__Data records__:

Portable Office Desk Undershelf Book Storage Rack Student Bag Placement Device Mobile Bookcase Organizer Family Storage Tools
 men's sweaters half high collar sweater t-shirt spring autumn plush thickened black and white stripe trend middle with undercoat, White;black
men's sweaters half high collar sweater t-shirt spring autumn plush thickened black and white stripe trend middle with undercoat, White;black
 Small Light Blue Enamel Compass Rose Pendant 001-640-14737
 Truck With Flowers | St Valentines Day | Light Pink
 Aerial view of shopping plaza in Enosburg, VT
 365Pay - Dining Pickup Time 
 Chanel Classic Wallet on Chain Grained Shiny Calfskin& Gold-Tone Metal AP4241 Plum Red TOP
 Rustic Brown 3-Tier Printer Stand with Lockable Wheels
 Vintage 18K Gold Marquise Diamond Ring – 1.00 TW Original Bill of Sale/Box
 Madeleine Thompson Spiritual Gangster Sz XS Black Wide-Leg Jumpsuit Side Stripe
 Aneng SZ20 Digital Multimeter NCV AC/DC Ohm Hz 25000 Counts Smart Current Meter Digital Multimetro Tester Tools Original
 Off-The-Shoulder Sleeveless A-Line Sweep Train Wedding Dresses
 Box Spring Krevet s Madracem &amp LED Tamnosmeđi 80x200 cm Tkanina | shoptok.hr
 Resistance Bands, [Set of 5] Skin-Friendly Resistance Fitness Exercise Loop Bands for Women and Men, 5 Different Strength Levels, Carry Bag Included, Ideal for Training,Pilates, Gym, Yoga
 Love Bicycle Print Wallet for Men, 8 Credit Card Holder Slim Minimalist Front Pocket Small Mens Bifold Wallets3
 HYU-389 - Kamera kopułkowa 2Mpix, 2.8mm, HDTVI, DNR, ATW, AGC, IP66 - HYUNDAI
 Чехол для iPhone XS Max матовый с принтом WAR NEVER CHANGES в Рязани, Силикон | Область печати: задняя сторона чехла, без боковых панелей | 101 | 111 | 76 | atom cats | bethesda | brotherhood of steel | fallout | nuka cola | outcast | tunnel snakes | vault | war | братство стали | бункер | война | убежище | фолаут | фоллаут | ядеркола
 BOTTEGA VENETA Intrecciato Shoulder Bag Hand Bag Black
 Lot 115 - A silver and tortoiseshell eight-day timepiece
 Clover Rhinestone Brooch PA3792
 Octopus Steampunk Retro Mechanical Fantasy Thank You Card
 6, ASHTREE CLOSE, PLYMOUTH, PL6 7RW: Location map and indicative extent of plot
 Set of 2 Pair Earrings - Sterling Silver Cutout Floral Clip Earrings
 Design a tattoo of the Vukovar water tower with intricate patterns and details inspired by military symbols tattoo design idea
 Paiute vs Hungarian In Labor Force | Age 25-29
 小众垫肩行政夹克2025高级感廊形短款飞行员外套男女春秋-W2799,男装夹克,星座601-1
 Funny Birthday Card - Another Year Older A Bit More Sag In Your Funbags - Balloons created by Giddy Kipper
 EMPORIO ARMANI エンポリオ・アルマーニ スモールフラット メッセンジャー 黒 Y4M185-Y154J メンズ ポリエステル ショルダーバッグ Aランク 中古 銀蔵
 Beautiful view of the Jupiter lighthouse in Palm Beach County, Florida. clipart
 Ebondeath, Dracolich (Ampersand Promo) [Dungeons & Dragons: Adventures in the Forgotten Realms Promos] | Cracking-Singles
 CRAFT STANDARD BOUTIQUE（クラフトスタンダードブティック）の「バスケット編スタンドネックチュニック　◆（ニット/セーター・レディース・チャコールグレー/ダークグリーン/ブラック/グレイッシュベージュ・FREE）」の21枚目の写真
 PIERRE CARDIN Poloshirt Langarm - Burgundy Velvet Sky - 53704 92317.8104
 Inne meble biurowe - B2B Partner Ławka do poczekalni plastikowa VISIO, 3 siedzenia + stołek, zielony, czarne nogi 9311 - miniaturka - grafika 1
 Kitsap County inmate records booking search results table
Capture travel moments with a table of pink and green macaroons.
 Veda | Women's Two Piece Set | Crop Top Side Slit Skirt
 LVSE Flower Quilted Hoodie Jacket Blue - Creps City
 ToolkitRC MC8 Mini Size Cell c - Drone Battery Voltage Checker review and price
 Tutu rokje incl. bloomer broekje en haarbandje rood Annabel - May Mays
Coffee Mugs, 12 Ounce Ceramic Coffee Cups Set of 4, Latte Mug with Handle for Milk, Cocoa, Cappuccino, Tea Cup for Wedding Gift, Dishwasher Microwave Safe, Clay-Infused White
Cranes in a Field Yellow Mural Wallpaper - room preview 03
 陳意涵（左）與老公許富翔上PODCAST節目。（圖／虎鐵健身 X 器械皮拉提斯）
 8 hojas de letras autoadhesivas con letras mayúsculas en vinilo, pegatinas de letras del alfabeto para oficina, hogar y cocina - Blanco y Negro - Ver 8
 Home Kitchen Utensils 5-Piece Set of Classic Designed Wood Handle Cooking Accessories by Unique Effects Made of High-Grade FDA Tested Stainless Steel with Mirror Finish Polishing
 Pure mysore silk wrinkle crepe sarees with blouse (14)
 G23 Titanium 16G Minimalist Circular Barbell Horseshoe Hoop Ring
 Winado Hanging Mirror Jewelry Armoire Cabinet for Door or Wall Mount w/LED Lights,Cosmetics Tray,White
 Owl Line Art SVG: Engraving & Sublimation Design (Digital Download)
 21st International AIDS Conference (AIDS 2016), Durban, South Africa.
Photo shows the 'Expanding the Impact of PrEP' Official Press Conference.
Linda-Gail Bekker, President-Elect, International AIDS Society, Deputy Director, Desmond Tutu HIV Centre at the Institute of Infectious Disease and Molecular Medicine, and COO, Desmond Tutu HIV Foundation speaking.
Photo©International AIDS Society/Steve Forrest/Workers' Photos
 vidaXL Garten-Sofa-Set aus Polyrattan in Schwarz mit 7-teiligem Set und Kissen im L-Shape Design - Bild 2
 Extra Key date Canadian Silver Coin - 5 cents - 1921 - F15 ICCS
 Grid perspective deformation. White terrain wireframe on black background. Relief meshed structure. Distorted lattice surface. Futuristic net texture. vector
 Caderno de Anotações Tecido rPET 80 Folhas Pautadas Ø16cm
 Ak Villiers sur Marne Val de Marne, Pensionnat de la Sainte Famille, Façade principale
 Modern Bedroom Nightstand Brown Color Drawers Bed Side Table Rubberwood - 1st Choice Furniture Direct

__What needs to be done__: What you return must be an exact retyping of the lines above starting at the line with "Off-The-Shoulder Sleeveless A-Line" and ending at the line with "Kitsap County inmate", and nothing besides.

__Exercise response__:
 Off-The-Shoulder Sleeveless A-Line Sweep Train Wedding Dresses
 Box Spring Krevet s Madracem &amp LED Tamnosmeđi 80x200 cm Tkanina | shoptok.hr
 Resistance Bands, [Set of 5] Skin-Friendly Resistance Fitness Exercise Loop Bands for Women and Men, 5 Different Strength Levels, Carry Bag Included, Ideal for Training,Pilates, Gym, Yoga
 Love Bicycle Print Wallet for Men, 8 Credit Card Holder Slim Minimalist Front Pocket Small Mens Bifold Wallets3
 HYU-389 - Kamera kopułkowa 2Mpix, 2.8mm, HDTVI, DNR, ATW, AGC, IP66 - HYUNDAI
 Чехол для iPhone XS Max матовый с принтом WAR NEVER CHANGES в Рязани, Силикон | Область печати: задняя сторона чехла, без боковых панелей | 101 | 111 | 76 | atom cats | bethesda | brotherhood of steel | fallout | nuka cola | outcast | tunnel snakes | vault | war | братство стали | бункер | война | убежище | фолаут | фоллаут | ядеркола
 BOTTEGA VENETA Intrecciato Shoulder Bag Hand Bag Black
 Lot 115 - A silver and tortoiseshell eight-day timepiece
 Clover Rhinestone Brooch PA3792
 Octopus Steampunk Retro Mechanical Fantasy Thank You Card
 6, ASHTREE CLOSE, PLYMOUTH, PL6 7RW: Location map and indicative extent of plot
 Set of 2 Pair Earrings - Sterling Silver Cutout Floral Clip Earrings
 Design a tattoo of the Vukovar water tower with intricate patterns and details inspired by military symbols tattoo design idea
 Paiute vs Hungarian In Labor Force | Age 25-29
 小众垫肩行政夹克2025高级感廊形短款飞行员外套男女春秋-W2799,男装夹克,星座601-1
 Funny Birthday Card - Another Year Older A Bit More Sag In Your Funbags - Balloons created by Giddy Kipper
 EMPORIO ARMANI エンポリオ・アルマーニ スモールフラット メッセンジャー 黒 Y4M185-Y154J メンズ ポリエステル ショルダーバッグ Aランク 中古 銀蔵
 Beautiful view of the Jupiter lighthouse in Palm Beach County, Florida. clipart
 Ebondeath, Dracolich (Ampersand Promo) [Dungeons & Dragons: Adventures in the Forgotten Realms Promos] | Cracking-Singles
 CRAFT STANDARD BOUTIQUE（クラフトスタンダードブティック）の「バスケット編スタンドネックチュニック　◆（ニット/セーター・レディース・チャコールグレー/ダークグリーン/ブラック/グレイッシュベージュ・FREE）」の21枚目の写真
 PIERRE CARDIN Poloshirt Langarm - Burgundy Velvet Sky - 53704 92317.8104
 Inne meble biurowe - B2B Partner Ławka do poczekalni plastikowa VISIO, 3 siedzenia + stołek, zielony, czarne nogi 9311 - miniaturka - grafika 1
 Kitsap County inmate records booking search results table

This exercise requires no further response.